The XX Factor

Why Mother’s Day Ads Are So Cloyingly Sexist

Thanks for lovingly bathing me, mom. Where’s dad?

(YouTube)

Mother’s Day is Sunday, meaning that it’s time for children to thank their mothers for all that they do, and for advertisers to strong arm their products into this annual family ritual. The New Republic’s Mya Frazier rightly notes that these ads—which hawk household products and portable snacks with images of doting mothers—purport to honor moms by depicting them as “the conquering hero of childrearing, endlessly in demand, yet always devoted,” but actually end up insulting them by “restricting mothers to the domestic sphere with empty sentimentalizing.” Happy Mother’s Day, these ads say—now shampoo my head and queue up my Capri Sun.

Frazier presents a run-down of the most cloying advertisements aired in this genre  over the past few years: In “You’re Doing OK, Mom!,” an ad for Johnson & Johnson baby products, an infant thanks his or her mother (always the mother) for picking up discarded bottles, making funny faces, and administering regular foot rubs In “Thank You Mom—Pick Them Back Up,” Tide detergent sells the image of the mother (always the mother) who picks up her children whenever they fall on their butts, from the playpen to the Olympic ski hill. (Both companies are subsidiaries of Procter & Gamble). And in “Capri Sun Super V Mom Helps Son,” mom (always mom) is so devoted to her role that she accompanies her son to science class, coaches his basketball team, and sticks his straw into his Capri Sun packet for him.

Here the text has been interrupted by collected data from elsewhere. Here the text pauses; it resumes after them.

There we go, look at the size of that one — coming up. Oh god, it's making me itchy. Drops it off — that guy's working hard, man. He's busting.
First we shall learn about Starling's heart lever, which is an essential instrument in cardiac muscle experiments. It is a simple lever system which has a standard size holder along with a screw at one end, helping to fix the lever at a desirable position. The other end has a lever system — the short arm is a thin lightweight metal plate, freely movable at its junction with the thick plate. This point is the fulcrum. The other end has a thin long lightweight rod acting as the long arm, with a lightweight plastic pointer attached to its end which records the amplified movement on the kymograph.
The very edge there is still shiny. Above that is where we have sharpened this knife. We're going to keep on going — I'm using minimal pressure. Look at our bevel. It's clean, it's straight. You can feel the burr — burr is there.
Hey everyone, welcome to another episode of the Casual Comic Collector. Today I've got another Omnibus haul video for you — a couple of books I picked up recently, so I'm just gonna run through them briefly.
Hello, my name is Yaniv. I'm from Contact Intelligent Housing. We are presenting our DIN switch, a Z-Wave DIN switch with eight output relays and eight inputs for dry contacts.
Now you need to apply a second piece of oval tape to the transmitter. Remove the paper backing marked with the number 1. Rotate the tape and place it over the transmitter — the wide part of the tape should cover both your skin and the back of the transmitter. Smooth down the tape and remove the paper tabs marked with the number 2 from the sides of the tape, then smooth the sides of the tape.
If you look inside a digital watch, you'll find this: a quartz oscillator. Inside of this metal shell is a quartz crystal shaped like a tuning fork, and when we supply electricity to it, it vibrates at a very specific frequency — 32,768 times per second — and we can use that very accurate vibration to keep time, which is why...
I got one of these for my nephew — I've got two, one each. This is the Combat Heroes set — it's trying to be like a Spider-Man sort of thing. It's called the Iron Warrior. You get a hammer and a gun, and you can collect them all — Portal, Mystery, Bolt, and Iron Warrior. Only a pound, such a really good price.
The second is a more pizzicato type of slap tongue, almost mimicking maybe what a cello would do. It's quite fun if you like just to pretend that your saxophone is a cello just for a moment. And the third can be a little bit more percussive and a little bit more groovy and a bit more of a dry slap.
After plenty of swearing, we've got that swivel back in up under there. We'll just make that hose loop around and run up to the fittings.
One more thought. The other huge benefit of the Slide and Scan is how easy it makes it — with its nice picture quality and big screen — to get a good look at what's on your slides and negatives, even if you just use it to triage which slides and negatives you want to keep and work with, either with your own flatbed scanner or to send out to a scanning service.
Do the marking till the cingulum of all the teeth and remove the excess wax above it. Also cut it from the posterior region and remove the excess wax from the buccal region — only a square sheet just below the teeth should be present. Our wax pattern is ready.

These ads are fine-tuned for maximum emotional response, and they get me, too. I am not made of stone. But intellectually, they’re bankrupt: My dad made funny faces at me, coached my soccer team, and leant me a hand when I biffed on the bunny hill, too. So why do companies keep selling these gendered representations? “The answer is seemingly simple: social media,” Frazier writes. “By needling our raw emotions, the sentimental, shareable ad achieves exponential reach, all without its backer doing a thing. Press the right emotional buttons and unleash a viral sensation while saving millions in media buys.” Similar ads starring fathers, Frazier notes, don’t rack up nearly the number of clicks.

I’ve got a more insidious theory: Women buy far more household products than men do. Detergent, juices, baby shampoo—all have an overwhelmingly female market. Mothers aren’t just the subjects of these ads; they’re the target viewers, too. The ad strategy works on them in a couple of ways: Women see mothers shampooing their kids’ hair and think, “Hey, I do that—and I need to pick up some more soap.” Or they see mothers coaching their athlete kids from the sidelines and think, “Hey, I don’t do that—and now I feel a little guilty about it.” Both create a need the mother can fill by buying the right product. (And the Johnson & Johnson ad cleverly obscures this guilt trip by having its star baby tell its mom she’s doing her best as she lathers her up with Johnson’s soap). In order to change this media landscape, we don’t need men to pick their kids up when they fall. We need them to pick up some laundry soap at the grocery store.